01 March 2020 [Missed this very important article. Making amends here.]
Edwin Cartlidge
Despite much recent fanfare, quantum computers still need to show that they can do something useful.
Google 54-qubit Sycamore superconducting processor quantum computer.
Judging by the cover of Nature that day, 24 October 2019 marked a turning point in the decades-long effort to harness the strange laws of quantum mechanics in the service of computing.
The words “quantum supremacy,” emblazoned in large capital letters on the front of the prestigious journal, announced to the world that a quantum computer had, for the first time, performed a computation impossible to carry out on a classical supercomputer in any reasonable amount of time—despite having vastly less in the way of processors, memory and software to draw on.

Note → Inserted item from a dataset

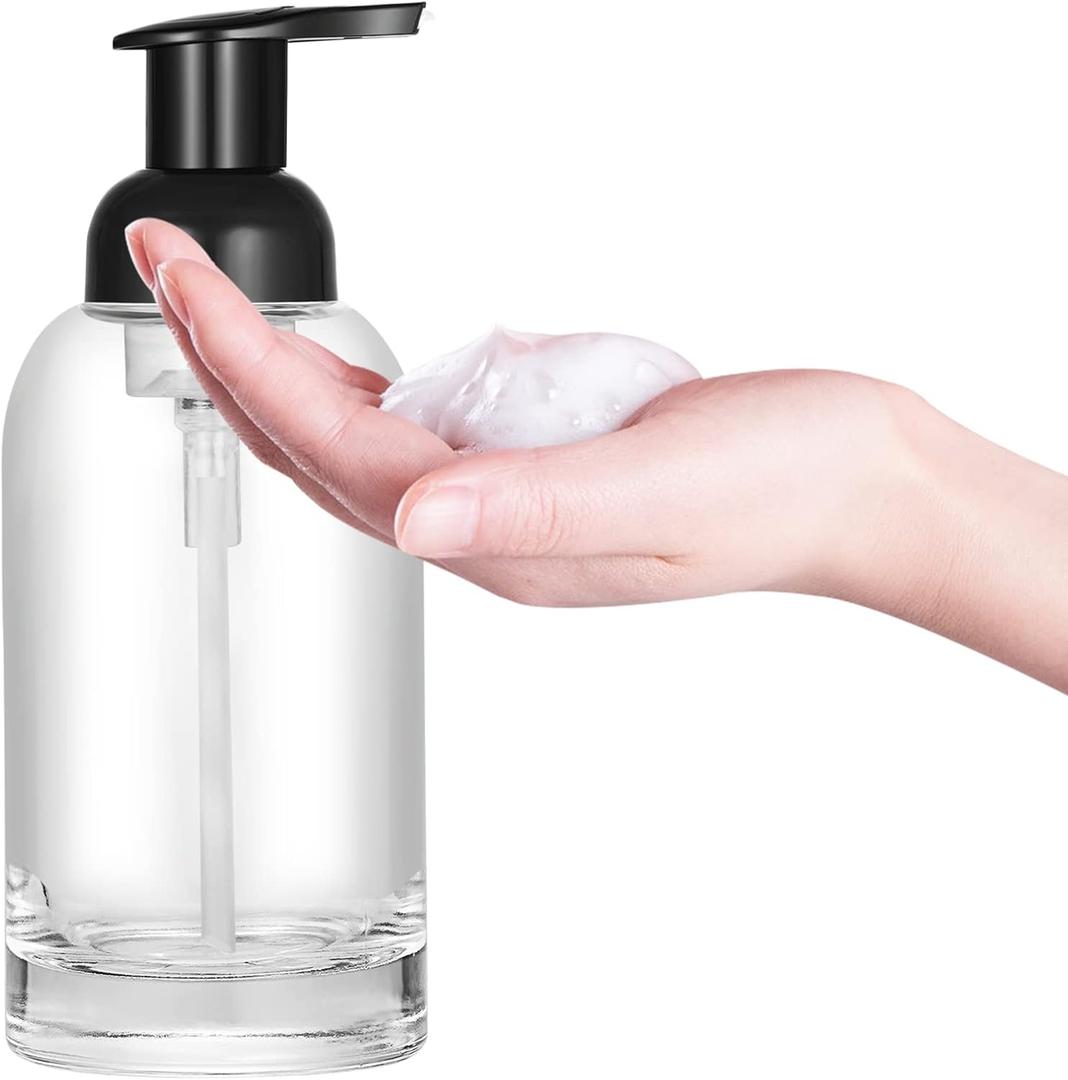 1Pack Thick Clear Glass Jar Soap Dispenser with Foaming Pump, 13 Ounce Clear Round Bottles Dispenser with Foaming Pump (Black, 13oz)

The quantum computer in question, Sycamore, comprised a mere 53 superconducting quantum bits, or qubits. It was built by a group of scientists at Google led by physicist John Martinis, who used it to execute an algorithm that generated a semi-random series of numbers. Those researchers then worked out how long they would have needed to simulate that operation on the IBM-built Summit supercomputer at Oak Ridge National Laboratory in Tennessee, USA, the processors of which include tens of trillions of transistors and which has 250,000 terabytes of storage.

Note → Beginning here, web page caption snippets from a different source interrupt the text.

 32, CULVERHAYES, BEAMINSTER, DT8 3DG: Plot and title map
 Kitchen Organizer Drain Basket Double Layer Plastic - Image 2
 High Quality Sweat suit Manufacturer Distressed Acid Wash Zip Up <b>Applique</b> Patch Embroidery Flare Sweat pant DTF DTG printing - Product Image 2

ORNL IBM AC922 SUMMIT supercomputer, was No.1 on the TOP500. Credit: Carlos Jones, Oak Ridge National Laboratory/U.S. Dept. of Energy.

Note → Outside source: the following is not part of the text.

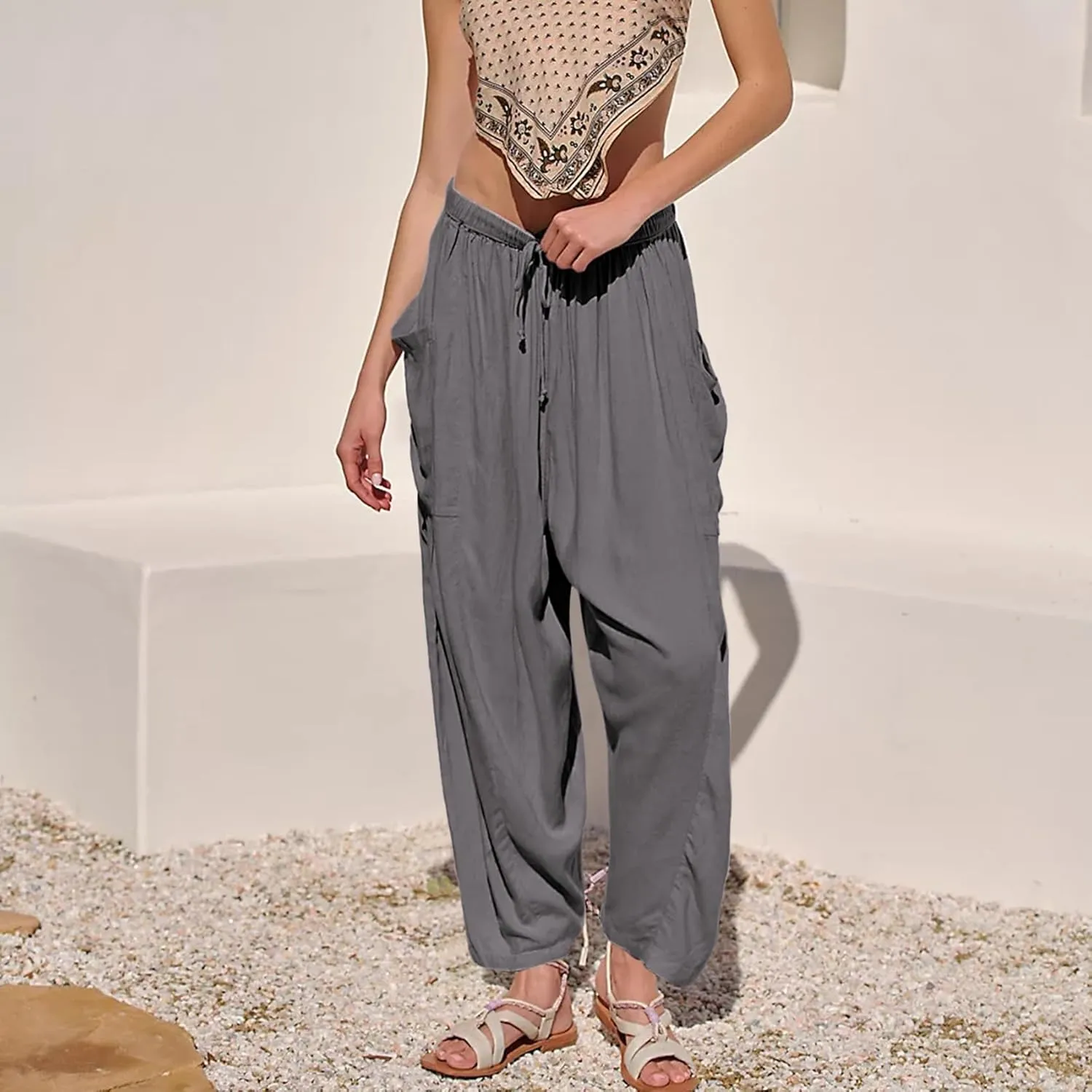 Duyang Women Linen Wide Leg Pants Casual Summer Palazzo Pants Beach Vacation Outfits Flowy Loose Trousers with Pockets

The IBM-built Summit supercomputer at the Oak Ridge National Laboratory, USA, contains tens of trillions of transistors and can carry out about 200,000 trillion operations a second. Credit:ORNL.
Amazingly, Martinis and colleagues concluded that what Sycamore could do in a little over three minutes, Summit would take 10,000 years to simulate.
Google CEO Sundar Pichai next to the company’s quantum computer. Credit: Google.
Long-sought milestone?
For many scientists, Sycamore’s result represents a major milestone on the road to a real-world, general-purpose quantum computer. Having invested millions of dollars in the field over the course of more than 30 years, governments and, increasingly, industry have bet that the exponential speed-up in processing power offered by quantum states in theory can be realized practically.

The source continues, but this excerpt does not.